Authors: Anne Mendelson
S
ome rough-and-ready cousin of the “Fresh White Cheese with Cultures” in this chapter was the first of all cheeses, allowing for such circumstances as the absence of cows’ milk, or of nice purified cultures to be added in measured amounts. Cheese made by a combination of culturing and renneting came later. But what came next was not cheese ripened or aged by the techniques later developed in northwestern Europe. Once fresh cheeses had become ubiquitous in the
Diverse Sources Belt, people discovered the simplest means of
preventing
the onset of ripening: putting the cheese in brine. The modern example that most people know by name is Greek feta.
The curd structure of brined (also often called “pickled”) cheeses has more in common with that of fresh cheeses than those that have undergone prolonged, progressive changes through ripening and perhaps protracted aging. The main difference is in the degree to which the
original
casein gets rearranged. A good deal of the somewhat spongy original casein matrix remains in brined curd. Prompt salting and brining are what keep it from starting down the cascade of reactions known as ripening.

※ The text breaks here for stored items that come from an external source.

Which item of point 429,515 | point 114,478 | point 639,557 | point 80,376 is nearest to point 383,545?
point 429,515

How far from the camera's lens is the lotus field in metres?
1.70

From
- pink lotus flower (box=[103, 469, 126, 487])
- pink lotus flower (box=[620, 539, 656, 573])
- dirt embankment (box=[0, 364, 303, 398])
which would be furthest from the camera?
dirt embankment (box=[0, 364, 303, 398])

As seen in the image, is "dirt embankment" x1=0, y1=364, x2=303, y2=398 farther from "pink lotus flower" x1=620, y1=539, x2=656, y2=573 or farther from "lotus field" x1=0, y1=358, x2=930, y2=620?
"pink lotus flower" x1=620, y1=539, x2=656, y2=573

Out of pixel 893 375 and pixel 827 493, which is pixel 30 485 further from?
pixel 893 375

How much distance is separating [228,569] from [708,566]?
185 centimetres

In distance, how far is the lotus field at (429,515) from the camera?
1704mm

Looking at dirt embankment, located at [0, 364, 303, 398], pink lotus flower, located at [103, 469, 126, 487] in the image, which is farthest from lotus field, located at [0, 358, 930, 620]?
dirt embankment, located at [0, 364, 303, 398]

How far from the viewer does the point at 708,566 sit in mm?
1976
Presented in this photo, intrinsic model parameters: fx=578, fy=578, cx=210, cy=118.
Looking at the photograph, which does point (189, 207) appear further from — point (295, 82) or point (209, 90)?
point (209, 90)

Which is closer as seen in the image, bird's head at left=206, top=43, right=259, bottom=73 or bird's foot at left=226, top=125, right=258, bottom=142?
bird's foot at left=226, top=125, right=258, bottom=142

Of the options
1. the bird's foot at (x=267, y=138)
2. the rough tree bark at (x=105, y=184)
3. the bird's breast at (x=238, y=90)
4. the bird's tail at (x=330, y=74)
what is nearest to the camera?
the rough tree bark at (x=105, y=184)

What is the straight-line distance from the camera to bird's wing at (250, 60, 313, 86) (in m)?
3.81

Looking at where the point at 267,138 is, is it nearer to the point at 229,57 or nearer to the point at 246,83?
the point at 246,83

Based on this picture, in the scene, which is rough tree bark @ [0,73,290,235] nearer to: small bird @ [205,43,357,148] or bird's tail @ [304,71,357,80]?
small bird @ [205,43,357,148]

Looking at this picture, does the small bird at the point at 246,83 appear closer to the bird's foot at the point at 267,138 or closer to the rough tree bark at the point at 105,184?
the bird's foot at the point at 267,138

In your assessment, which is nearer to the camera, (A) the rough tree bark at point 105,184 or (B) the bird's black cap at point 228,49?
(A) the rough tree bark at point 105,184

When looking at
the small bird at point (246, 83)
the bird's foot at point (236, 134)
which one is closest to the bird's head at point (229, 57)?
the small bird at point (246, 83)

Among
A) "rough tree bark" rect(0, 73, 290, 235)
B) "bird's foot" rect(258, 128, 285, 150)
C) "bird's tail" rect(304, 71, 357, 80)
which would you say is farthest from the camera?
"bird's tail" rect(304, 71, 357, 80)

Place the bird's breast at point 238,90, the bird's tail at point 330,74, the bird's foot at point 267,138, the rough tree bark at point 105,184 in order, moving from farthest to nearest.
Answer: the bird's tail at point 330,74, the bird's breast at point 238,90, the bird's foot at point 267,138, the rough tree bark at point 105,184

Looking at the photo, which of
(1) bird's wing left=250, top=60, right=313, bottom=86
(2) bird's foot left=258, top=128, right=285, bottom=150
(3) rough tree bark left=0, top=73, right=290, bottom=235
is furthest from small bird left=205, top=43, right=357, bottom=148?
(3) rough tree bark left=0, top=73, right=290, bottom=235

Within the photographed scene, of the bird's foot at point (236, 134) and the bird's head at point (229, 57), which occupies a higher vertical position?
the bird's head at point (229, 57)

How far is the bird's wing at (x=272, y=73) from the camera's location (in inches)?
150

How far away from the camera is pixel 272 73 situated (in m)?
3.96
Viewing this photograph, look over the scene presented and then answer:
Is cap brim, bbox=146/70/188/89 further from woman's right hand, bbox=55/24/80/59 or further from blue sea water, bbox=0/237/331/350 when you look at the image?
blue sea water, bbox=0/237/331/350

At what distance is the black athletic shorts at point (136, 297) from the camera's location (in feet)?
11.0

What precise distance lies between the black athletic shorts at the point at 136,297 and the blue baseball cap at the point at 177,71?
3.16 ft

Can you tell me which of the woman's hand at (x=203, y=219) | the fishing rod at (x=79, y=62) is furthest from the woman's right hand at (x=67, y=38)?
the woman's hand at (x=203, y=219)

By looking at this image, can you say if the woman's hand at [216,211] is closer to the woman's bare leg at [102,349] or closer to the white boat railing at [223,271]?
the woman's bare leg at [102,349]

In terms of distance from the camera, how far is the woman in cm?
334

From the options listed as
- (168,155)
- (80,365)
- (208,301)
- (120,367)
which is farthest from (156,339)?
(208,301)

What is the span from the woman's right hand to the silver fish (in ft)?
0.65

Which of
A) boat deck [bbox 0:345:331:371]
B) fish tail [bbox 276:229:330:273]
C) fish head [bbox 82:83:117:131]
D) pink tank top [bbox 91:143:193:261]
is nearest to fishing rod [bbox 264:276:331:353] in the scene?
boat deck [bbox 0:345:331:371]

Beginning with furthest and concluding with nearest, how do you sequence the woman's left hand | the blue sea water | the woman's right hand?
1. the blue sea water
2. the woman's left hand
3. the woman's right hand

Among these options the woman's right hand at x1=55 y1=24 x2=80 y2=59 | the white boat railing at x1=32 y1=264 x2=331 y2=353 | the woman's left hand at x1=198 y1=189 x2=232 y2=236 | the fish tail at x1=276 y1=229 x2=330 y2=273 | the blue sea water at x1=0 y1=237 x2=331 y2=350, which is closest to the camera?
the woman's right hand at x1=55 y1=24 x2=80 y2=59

At the stage where a fresh cheese would be deemed ready for eating, brined cheese takes a detour. The curd is cut into slabs or chunks, salted, and left to firm up by releasing more whey for some hours or days before being put into a container with a brine solution of salt, water, and—usually though not always—some of the whey, which lightly acidifies the brine. In this state, it keeps for weeks or months, depending on the strength of the brine. When removed and desalted by soaking in fresh water, it can be nearly as close to the milky quality of the fresh curd as soaked salt codfish is to the character of fresh cod.

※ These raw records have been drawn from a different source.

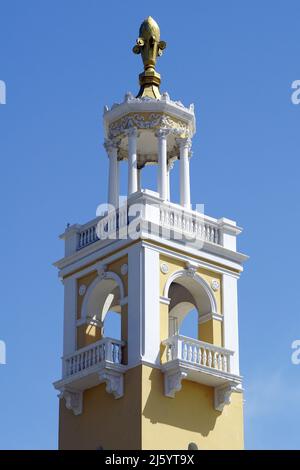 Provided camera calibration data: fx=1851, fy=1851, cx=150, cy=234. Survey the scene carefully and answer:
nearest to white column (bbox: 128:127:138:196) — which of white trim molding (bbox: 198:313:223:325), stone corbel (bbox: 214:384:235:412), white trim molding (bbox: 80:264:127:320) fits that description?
white trim molding (bbox: 80:264:127:320)

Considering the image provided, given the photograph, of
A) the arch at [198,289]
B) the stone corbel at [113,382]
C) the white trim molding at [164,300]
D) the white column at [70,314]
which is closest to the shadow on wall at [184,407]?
the stone corbel at [113,382]

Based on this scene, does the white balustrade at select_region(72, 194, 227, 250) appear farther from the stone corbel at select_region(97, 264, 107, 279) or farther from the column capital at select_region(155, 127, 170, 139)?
the column capital at select_region(155, 127, 170, 139)

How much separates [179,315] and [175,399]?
396 cm

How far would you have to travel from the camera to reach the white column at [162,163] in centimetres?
4531

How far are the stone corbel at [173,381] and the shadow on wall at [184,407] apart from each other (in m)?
0.11

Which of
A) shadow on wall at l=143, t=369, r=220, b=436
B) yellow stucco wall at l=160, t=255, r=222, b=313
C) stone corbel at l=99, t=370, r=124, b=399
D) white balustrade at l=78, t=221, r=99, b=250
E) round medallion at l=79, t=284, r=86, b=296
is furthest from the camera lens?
white balustrade at l=78, t=221, r=99, b=250

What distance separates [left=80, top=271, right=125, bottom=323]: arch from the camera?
147ft

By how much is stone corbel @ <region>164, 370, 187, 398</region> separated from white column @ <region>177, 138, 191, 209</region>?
4939 millimetres

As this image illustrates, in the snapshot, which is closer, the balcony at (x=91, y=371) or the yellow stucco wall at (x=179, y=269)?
the balcony at (x=91, y=371)

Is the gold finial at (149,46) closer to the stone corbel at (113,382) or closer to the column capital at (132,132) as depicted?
the column capital at (132,132)

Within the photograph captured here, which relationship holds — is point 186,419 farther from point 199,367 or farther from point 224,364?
point 224,364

I never use any special equipment or ingredients from cheesemaking-supply companies. These expenses may make sense if you’re working on a professional scale with dozens of
gallons of milk at a time. But for one or two pounds (roughly two to four cups) of cheese, anybody can get equally good results with pretty ordinary kitchen resources and a little planning. (If you decide to explore fresh cheeses more zealously, see the
Note on Shopping Sources
.)
The only necessary ingredients are milk or a milk-cream mixture, a source of live lactic-acid bacteria to inoculate and culture the milk, and in three of the following five cheese recipes, an enzyme to help set up the curd.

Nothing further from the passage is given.